Give back every line of the data, word for word.

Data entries
= Beginning of Section =
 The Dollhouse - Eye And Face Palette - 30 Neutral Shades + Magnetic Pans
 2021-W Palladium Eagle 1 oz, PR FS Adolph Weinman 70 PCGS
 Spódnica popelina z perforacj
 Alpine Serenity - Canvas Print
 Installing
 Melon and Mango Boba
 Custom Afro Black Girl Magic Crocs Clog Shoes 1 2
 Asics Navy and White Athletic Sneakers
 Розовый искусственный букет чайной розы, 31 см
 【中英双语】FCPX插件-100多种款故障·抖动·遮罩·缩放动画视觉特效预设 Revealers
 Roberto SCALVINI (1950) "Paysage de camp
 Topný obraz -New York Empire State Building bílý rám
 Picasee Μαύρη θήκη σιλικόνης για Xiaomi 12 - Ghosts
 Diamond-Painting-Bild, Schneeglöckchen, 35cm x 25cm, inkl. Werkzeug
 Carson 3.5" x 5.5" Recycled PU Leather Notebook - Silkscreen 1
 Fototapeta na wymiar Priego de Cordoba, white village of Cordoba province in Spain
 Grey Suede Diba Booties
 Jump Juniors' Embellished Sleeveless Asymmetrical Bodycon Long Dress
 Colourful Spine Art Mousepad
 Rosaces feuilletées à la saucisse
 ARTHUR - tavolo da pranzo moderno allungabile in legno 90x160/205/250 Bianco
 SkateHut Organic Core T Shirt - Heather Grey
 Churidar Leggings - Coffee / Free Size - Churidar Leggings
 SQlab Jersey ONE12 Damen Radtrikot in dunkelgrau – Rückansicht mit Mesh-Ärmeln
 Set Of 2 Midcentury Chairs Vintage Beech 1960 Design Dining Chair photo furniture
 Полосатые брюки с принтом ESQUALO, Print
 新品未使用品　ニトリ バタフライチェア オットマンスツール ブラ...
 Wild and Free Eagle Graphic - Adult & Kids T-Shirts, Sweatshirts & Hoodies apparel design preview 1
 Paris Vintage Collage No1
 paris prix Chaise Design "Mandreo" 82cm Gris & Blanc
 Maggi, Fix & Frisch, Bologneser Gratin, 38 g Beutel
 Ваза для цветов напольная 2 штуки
= End of Section =
* SOLUTION TO THIS EXERCISE *
 The Dollhouse - Eye And Face Palette - 30 Neutral Shades + Magnetic Pans
 2021-W Palladium Eagle 1 oz, PR FS Adolph Weinman 70 PCGS
 Spódnica popelina z perforacj
 Alpine Serenity - Canvas Print
 Installing
 Melon and Mango Boba
 Custom Afro Black Girl Magic Crocs Clog Shoes 1 2
 Asics Navy and White Athletic Sneakers
 Розовый искусственный букет чайной розы, 31 см
 【中英双语】FCPX插件-100多种款故障·抖动·遮罩·缩放动画视觉特效预设 Revealers
 Roberto SCALVINI (1950) "Paysage de camp
 Topný obraz -New York Empire State Building bílý rám
 Picasee Μαύρη θήκη σιλικόνης για Xiaomi 12 - Ghosts
 Diamond-Painting-Bild, Schneeglöckchen, 35cm x 25cm, inkl. Werkzeug
 Carson 3.5" x 5.5" Recycled PU Leather Notebook - Silkscreen 1
 Fototapeta na wymiar Priego de Cordoba, white village of Cordoba province in Spain
 Grey Suede Diba Booties
 Jump Juniors' Embellished Sleeveless Asymmetrical Bodycon Long Dress
 Colourful Spine Art Mousepad
 Rosaces feuilletées à la saucisse
 ARTHUR - tavolo da pranzo moderno allungabile in legno 90x160/205/250 Bianco
 SkateHut Organic Core T Shirt - Heather Grey
 Churidar Leggings - Coffee / Free Size - Churidar Leggings
 SQlab Jersey ONE12 Damen Radtrikot in dunkelgrau – Rückansicht mit Mesh-Ärmeln
 Set Of 2 Midcentury Chairs Vintage Beech 1960 Design Dining Chair photo furniture
 Полосатые брюки с принтом ESQUALO, Print
 新品未使用品　ニトリ バタフライチェア オットマンスツール ブラ...
 Wild and Free Eagle Graphic - Adult & Kids T-Shirts, Sweatshirts & Hoodies apparel design preview 1
 Paris Vintage Collage No1
 paris prix Chaise Design "Mandreo" 82cm Gris & Blanc
 Maggi, Fix & Frisch, Bologneser Gratin, 38 g Beutel
 Ваза для цветов напольная 2 штуки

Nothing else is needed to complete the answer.